String functions perform conversion, extraction, or manipulation operations on strings, or return information about strings.
This section describes functions and operators for examining and manipulating string values. Strings in this context include values of the types CHAR, VARCHAR, BINARY, and VARBINARY.
Unless otherwise noted, all of the functions listed in this section work on all four data types. As opposed to some other SQL implementations, Vertica keeps CHAR strings unpadded internally, padding them only on final output. So converting a CHAR(3) 'ab' to VARCHAR(5) results in a VARCHAR of length 2, not one with length 3 including a trailing space.

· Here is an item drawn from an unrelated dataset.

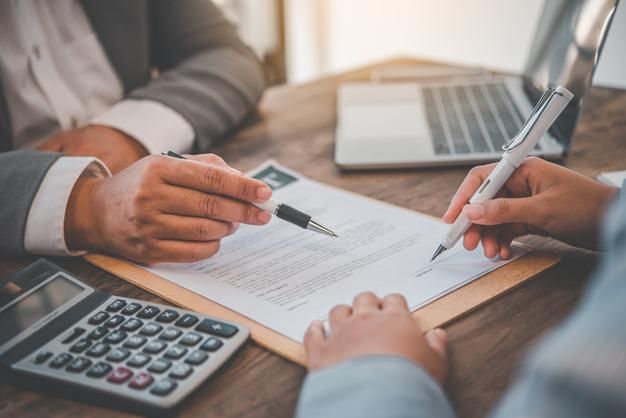 Premium Photo Businessman Is Negotiating Advising And Explaining The Matter Of The Contract T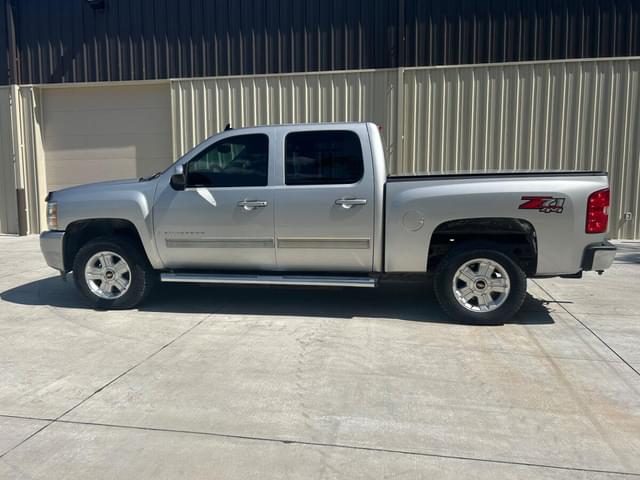 Image of Chevrolet Silverado equipment image 2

Some of the functions described here also work on data of non-string types by converting that data to a string representation first. Some functions work only on character strings, while others work only on binary strings. Many work for both. BINARY and VARBINARY functions ignore multibyte UTF-8 character boundaries.
Non-binary character string functions handle normalized multibyte UTF-8 characters, as specified by the Unicode Consortium. Unless otherwise specified, those character string functions for which it matters can optionally specify whether VARCHAR arguments should be interpreted as octet (byte) sequences, or as (locale-aware) sequences of UTF-8 characters. This is accomplished by adding "USING OCTETS" or "USING CHARACTERS" (default) as a parameter to the function.
Some character string functions are stable because in general UTF-8 case-conversion, searching and sorting can be locale dependent. Thus, LOWER is stable, while LOWERB is immutable. The USING OCTETS clause converts these functions into their "B" forms, so they become immutable. If the locale is set to collation=binary, which is the default, all string functions—except CHAR_LENGTH/CHARACTER_LENGTH, LENGTH, SUBSTR, and OVERLAY—are converted to their "B" forms and so are immutable.
BINARY implicitly converts to VARBINARY, so functions that take VARBINARY arguments work with BINARY.